Give the listing again, word for word, and let no picture into it.

**** COLLECTED MATERIAL

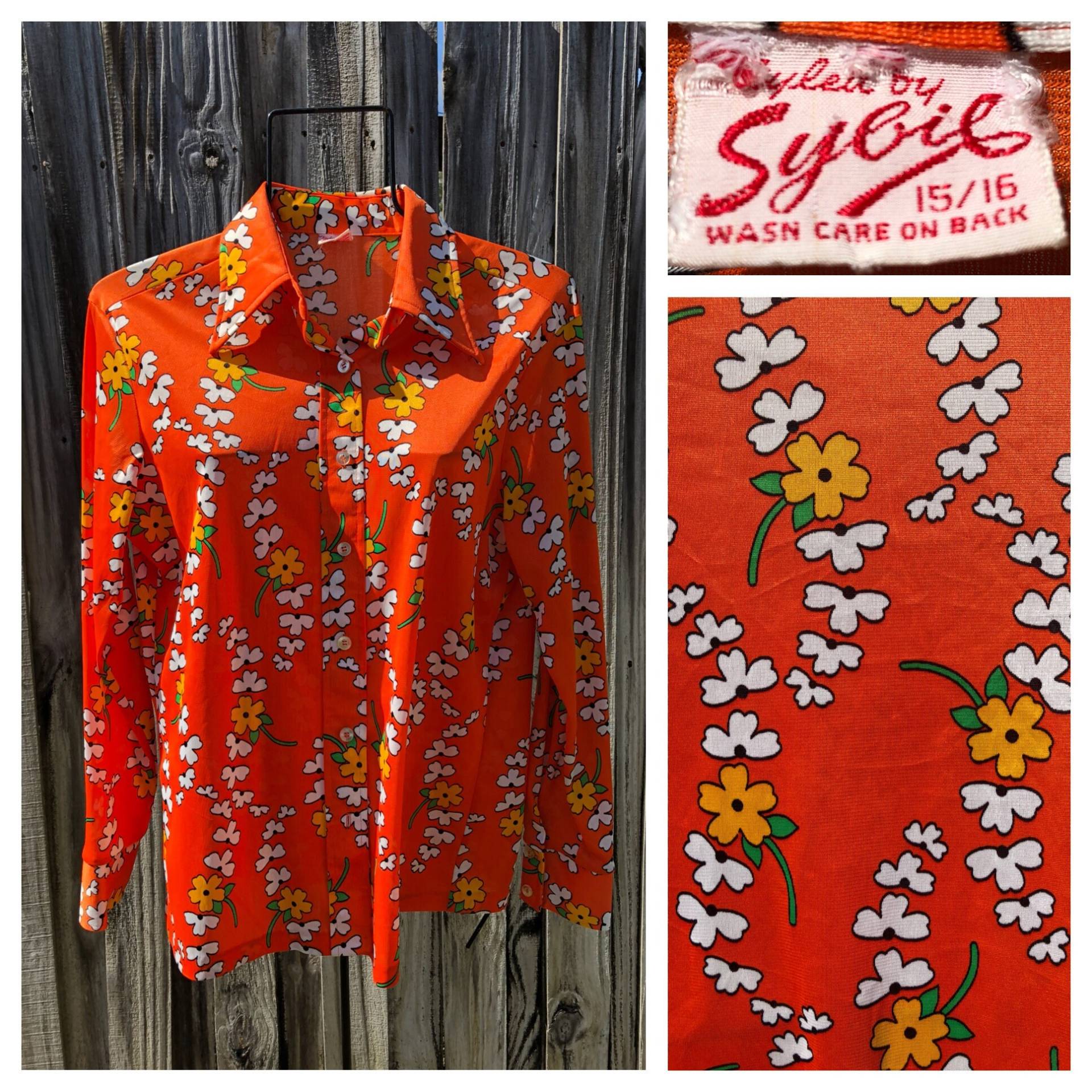 Vintage Retro 1970Er Jahre "styled By Sybil' Blumen Print Bluse Vintage Retro 1970Er Jahre "styled By Sybil' Blumen Print Bluse von 60WattVintage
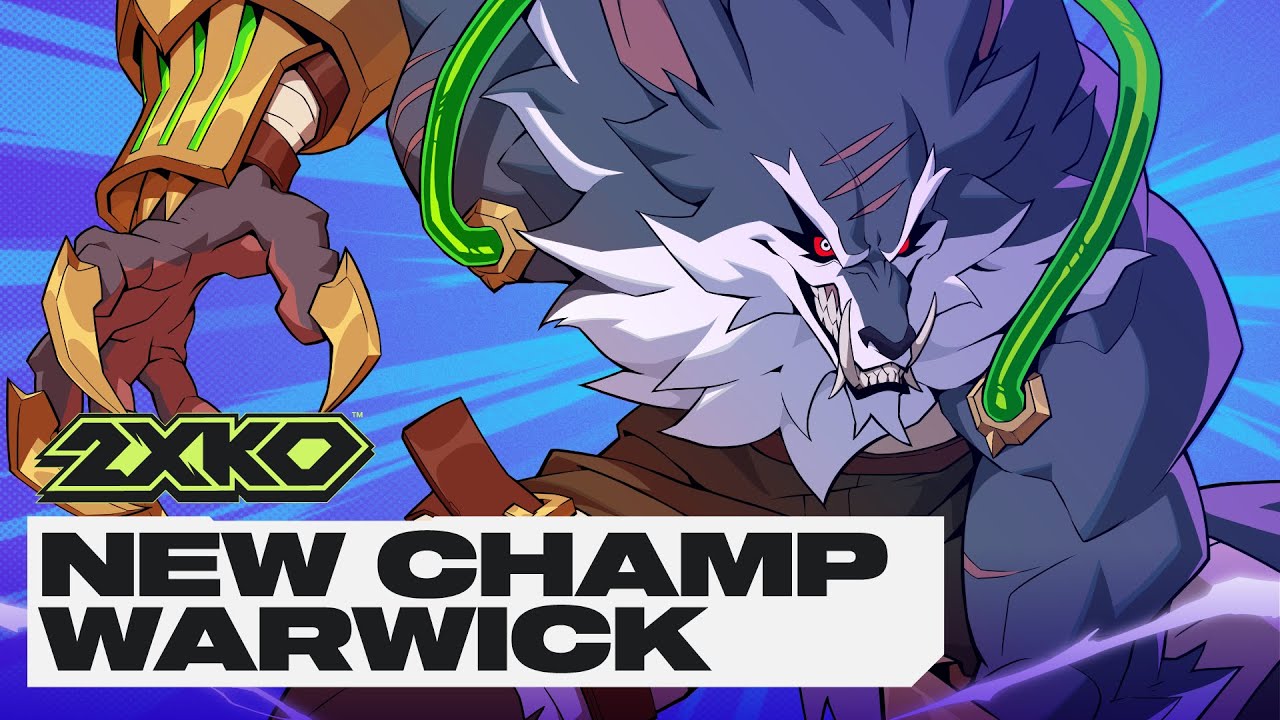 YouTube post by @2XKO for Riot Games. Caption reads: Warwick Gameplay Reveal Trailer | 2XKO.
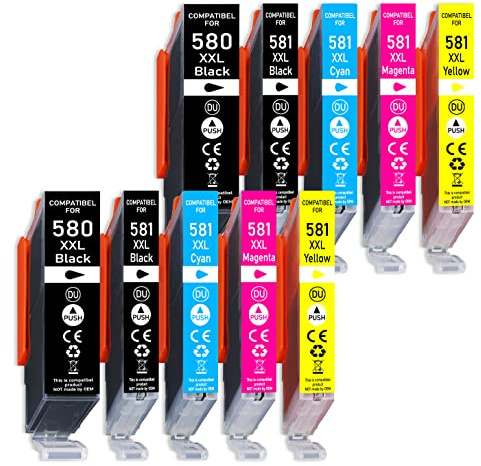Druckerpatronen 10er-Set kompatibel für Canon 580XXL 581XXL - TR8550 TS8150 | TR7550 TR8550 TS8350 TS6350 TS9150 TS6250 TS8150 TS705, Pixma-Serie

********

WRITTEN RESPONSE —
 Vintage Retro 1970Er Jahre "styled By Sybil' Blumen Print Bluse Vintage Retro 1970Er Jahre "styled By Sybil' Blumen Print Bluse von 60WattVintage
 YouTube post by @2XKO for Riot Games. Caption reads: Warwick Gameplay Reveal Trailer | 2XKO.
Druckerpatronen 10er-Set kompatibel für Canon 580XXL 581XXL - TR8550 TS8150 | TR7550 TR8550 TS8350 TS6350 TS9150 TS6250 TS8150 TS705, Pixma-Serie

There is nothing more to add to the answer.